Initially, this piece of fabric was motivated by two simple thoughts:

  •  To use up a giant cone of mystery yarn
  •  To make curtains that provided privacy without sacrificing too much light (we just got new neighbors after over a year of the house next to ours being flipped...)

It began simply as an experiment of creating a fabric that would let light in. It began to turn into a battle of wills. I wrapped the yarn around the back beam in the wrong direction twice. The yarn itself was a bigger pain in the ass to work with than I expected, slippery, stretchy, generally ill behaved. I was making shuttle-throwing mistakes and found a few threading ones... It was becoming a mess. 

I considered cutting it all off and throwing the whole thing out.  It became more complex, each time I let an error or slip stay in the fabric.

Instead, I decided to accept the mistakes, the missed threads. I embraced the fact that human hands made this fabric would show loudly. I changed from twill to a plain weave whenever I wanted. Double, tripling the yarn on the shuttle so that there would be thick and thin bands running across. I realized, after a while, that this simple experiment was turning quickly into a piece of art right under my nose. It was becoming more complex, the less I worried about doing things 'right'.

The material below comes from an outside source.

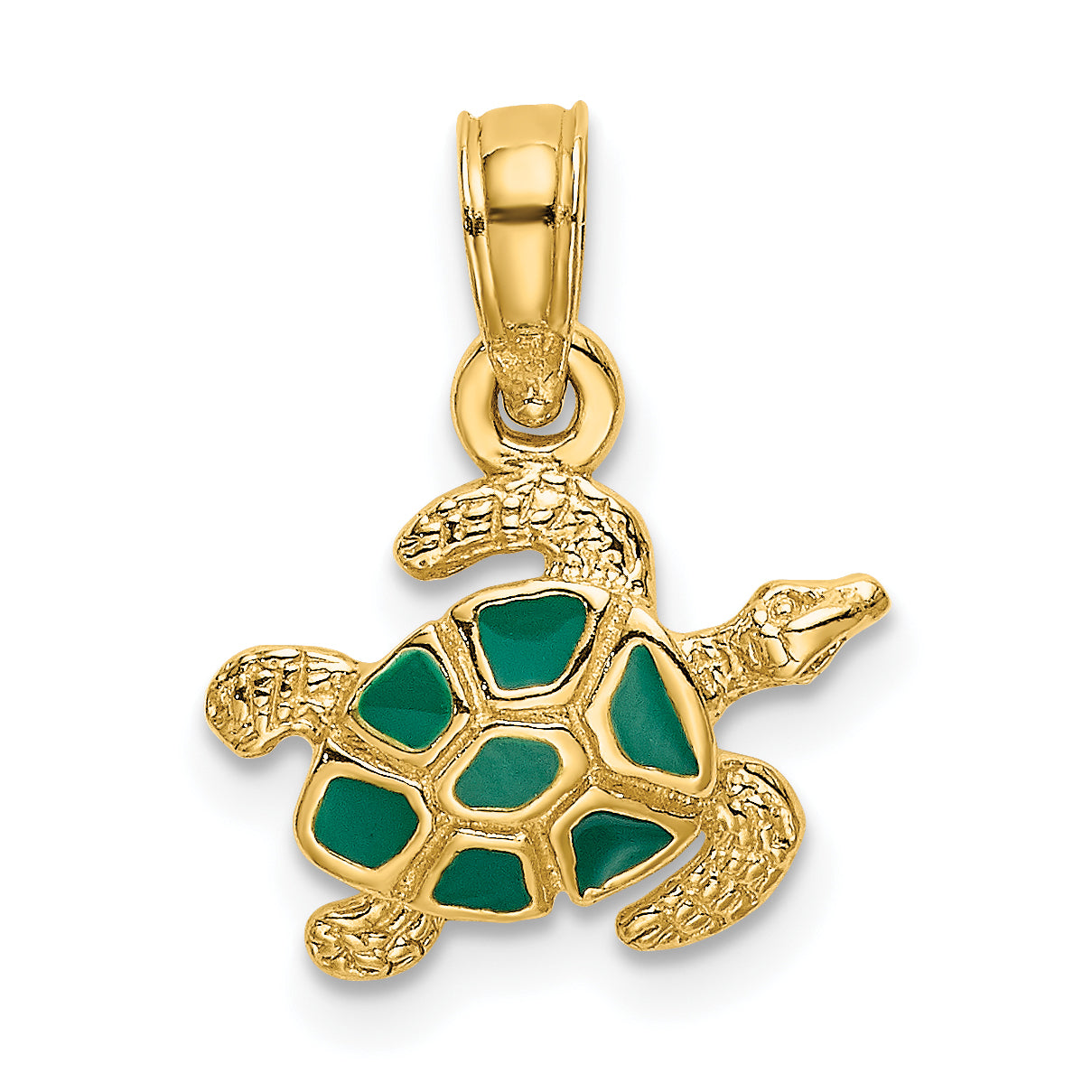 14K Textured and Enameled Sea Turtle Charm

It became thick with meaning and metaphors. We do not know what our lives will be made of. I do not know what kind of fiber this yarn is made of.  

It is unevenly woven, with thick and thin spots.  Our lives are thick and thin, full of energy and goodness. Worn to gauze with grief and over-action. Stitched up with care and love, buoyed by the support of loved ones.

The pattern changes, seemingly at random. The way we move through present into the future is always changing. As we make adjustments and decisions the path and patterns we walk change. Each decision made to change the shuttle, the treadling {to our lives} changes the pattern. So what seemed random to start with really made sense all along, we just couldn’t see the bigger picture.  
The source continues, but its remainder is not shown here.